Expectation Maximization Algorithm and Gaussian Mixture Model

Sat 12 Mar 2016 by Tianlong Song Tags Machine Learning Data Mining

In statistical modeling, it is possible that some observations are just missing. For example, when flipping two biased coins with unknown biases, we only have a sequence of observations on heads and tails, but forgot to record which coin each observation comes from. In this case, the conventional maximum likelihood (ML) or maximum a posteriori (MAP) algorithm would no longer be able to work, and it is time for the expectation maximization (EM) algorithm to come into play.

A Motivating Example

Although the two-biased-coin example above works as a valid example, another example will be discussed here, as it is more relevant to practical needs. Let us assume that we have a collection of float numbers, which come from two different Gaussian distributions. Unfortunately, we do not know which distribution each number comes from. Now we are supposed to learn the two Gaussian distributions (i,e, their means and variances) from the given data. This is the well-known Gaussian mixture model (GMM). What makes things difficult is that we have missing observations, i.e., membership of each number towards the two distributions. Though conventional ML or MAP would not work here, this is a perfect problem that EM can handle.
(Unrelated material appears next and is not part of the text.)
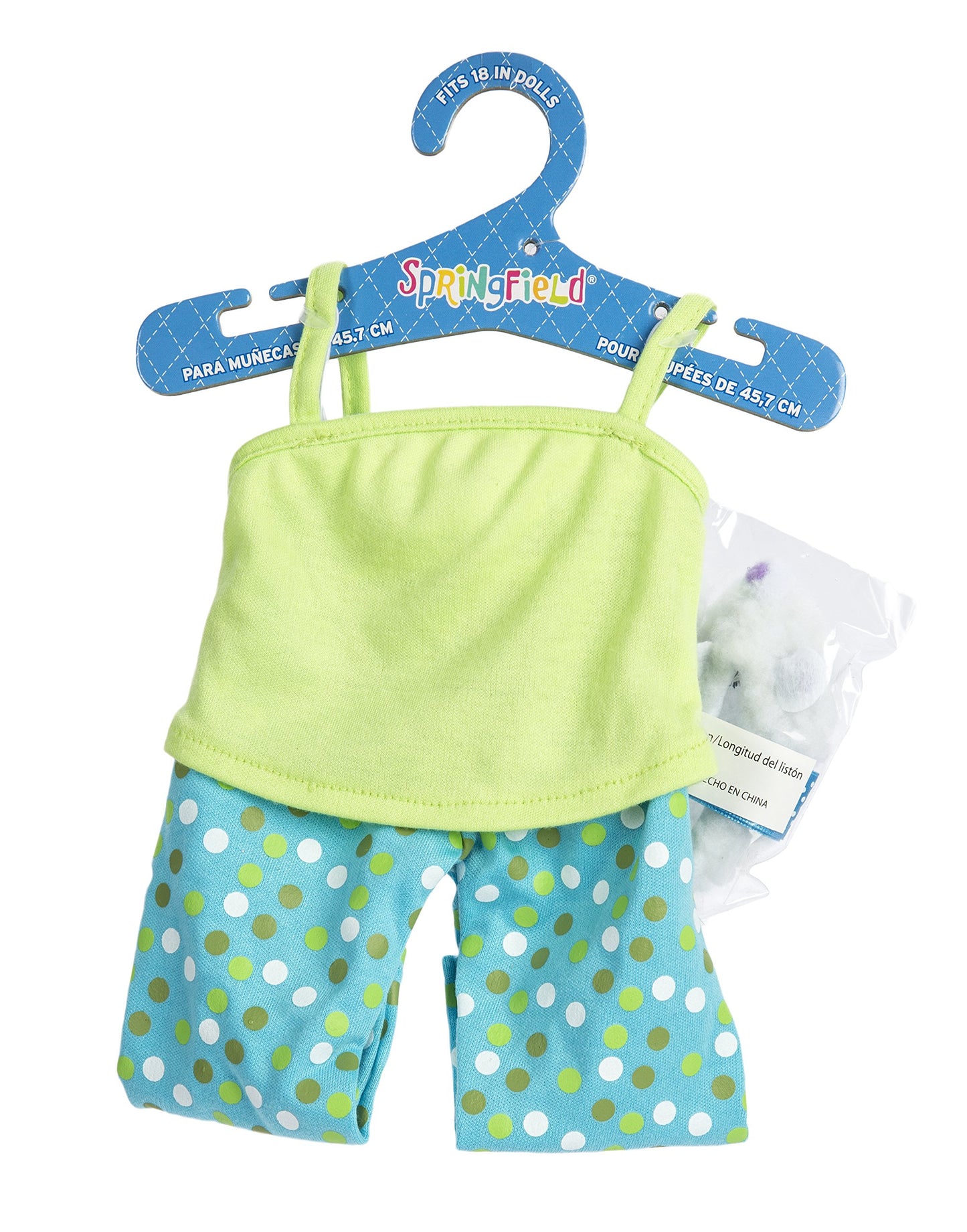 Fibre Craft The Springfield Collection Pajama Outfit, Green Top, Dot Pants, Slippers and Ribbon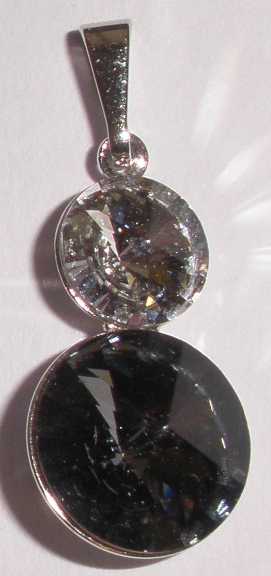 Přívěsek Swarovski 2 Rivoli Silver Night/Crystal rhodiovaný (Přív2R812_51/1)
Expectation Maximization (EM) Algorithm1

Let us consider a statistical model with a vector of unknown parameters \(\boldsymbol\theta\), which generates a set of observed data \(\textbf{X}\) and a set of missing observations \(\textbf{Z}\). The likelihood function, \(p(\textbf{X},\textbf{Z}|\boldsymbol\theta)\), characterizes the probability that \(\textbf{X}\) and \(\textbf{Z}\) appear given the model with parameters \(\boldsymbol\theta\). An intuitive idea to estimate \(\boldsymbol\theta\) would be trying to perform the maximum likelihood estimation (MLE) considering all possible \(\textbf{Z}\), i.e.,

\begin{equation} \max_{\boldsymbol\theta}{\ln{p(\textbf{X}|\boldsymbol\theta)}}=\max_{\boldsymbol\theta}{\ln{\sum_{\textbf{Z}}{p(\textbf{X},\textbf{Z}|\boldsymbol\theta)}}}=\max_{\boldsymbol\theta}{\ln{\sum_{\textbf{Z}}{p(\textbf{X}|\textbf{Z},\boldsymbol\theta)p(\textbf{Z}|\boldsymbol\theta)}}}. \end{equation}

Unfortunately, the problem above is not directly tractable, since we do not have any prior knowledge on the missing observations \(\textbf{Z}\).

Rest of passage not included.